Kevin Richardson, Ph.D. / Friday, January 18, 2013

The phrase “design-driven” seems to be used a lot these days. From design blogs to books on building corporate culture to marketing campaigns, everyone either thinks they are “design-driven” or need to be “design-driven.” I think it’s fantastic that the notion of “Design”, with a capital D, is being discussed. I think it’s great that industry leaders are beginning to believe that there is value in design. Unfortunately, the way in which design is being described, defined and promoted is often wrong. Let me explain.

Design Artifacts and Design Process

Design can mean a lot of things to a lot of people. Ask the average person what Design is and they will probably give you an example of a physical object, like a Dyson Air Blade or a Nest 2.0 Thermostat. That’s fair. I want to talk about designed artifacts as well, though I focus on software designed to have utility and used to accomplish a goal (transactional websites, dashboards, portals, business applications, etc.). I am specifically excluding marketing/informational sites that tend to be ends in and of themselves.
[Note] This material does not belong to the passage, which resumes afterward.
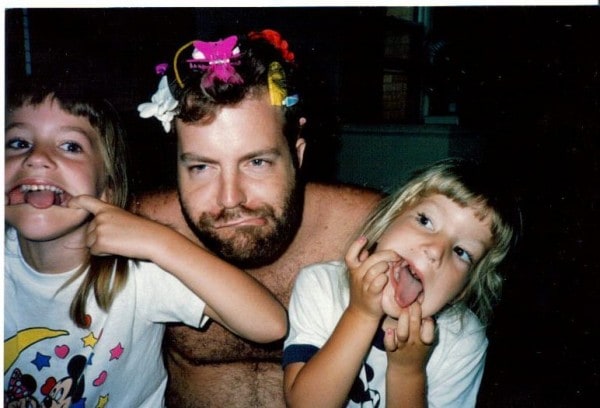 A dad with clips in his hair, next to his two daughters, making silly faces.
However, what is most relevant to being design-driven is not a particular artifact but rather, the design process. Yes, there is a process to design. It’s been around for thousands of years and it’s employed by a wide variety of professions. It’s even taught, to greater or lesser degrees, in design schools. It is by embracing this design process that a company becomes “design-driven”.

ProcessFinal

Figure 1. Design Process (by Jeff Smith)

Design-Driven Misconception

I read a design blog the other day in which the author, a designer, bemoaned the fact that few companies hire designers to determine their major initiatives, generate ideas and define feature roadmaps. This, the author asserted, is what it means to be design-driven. This couldn’t be further from the truth. Design-driven does not mean having designers, or any other professional, on staff and relying on them to “seed” projects with ideas.

Don’t confuse creativity with “design-driven”. They are not synonymous. The very notion that a company could be so inward-focused that they rely on particular members of their staff for new ideas is the surest way to failure. Can companies start by developing their one big idea? Sure. Can they survive and prosper using that model? No.

When no one is conducting the appropriate research to understand the requirements of your users, the question of which employee is best at inventing those requirements is absurd. Design-driven refers to following a process that uncovers requirements and focuses creativity toward solving specific problems. It doesn’t mean brainstorming or opinions.

Design-Driven Success

Successful, outward-focused companies, especially those responsible for building complex, interactive websites or applications, employ teams of individuals (broadly known as researchers and designers) who apply the design process. These teams collect business and technical requirements and coordinate them with requirements gleaned from a thorough understanding of users, their needs and goals. These requirements then become a set of problems to be solved by clever design. You can question how the data is used to drive requirements, and how those requirements are visualized by new design, but at least no one is making up it up.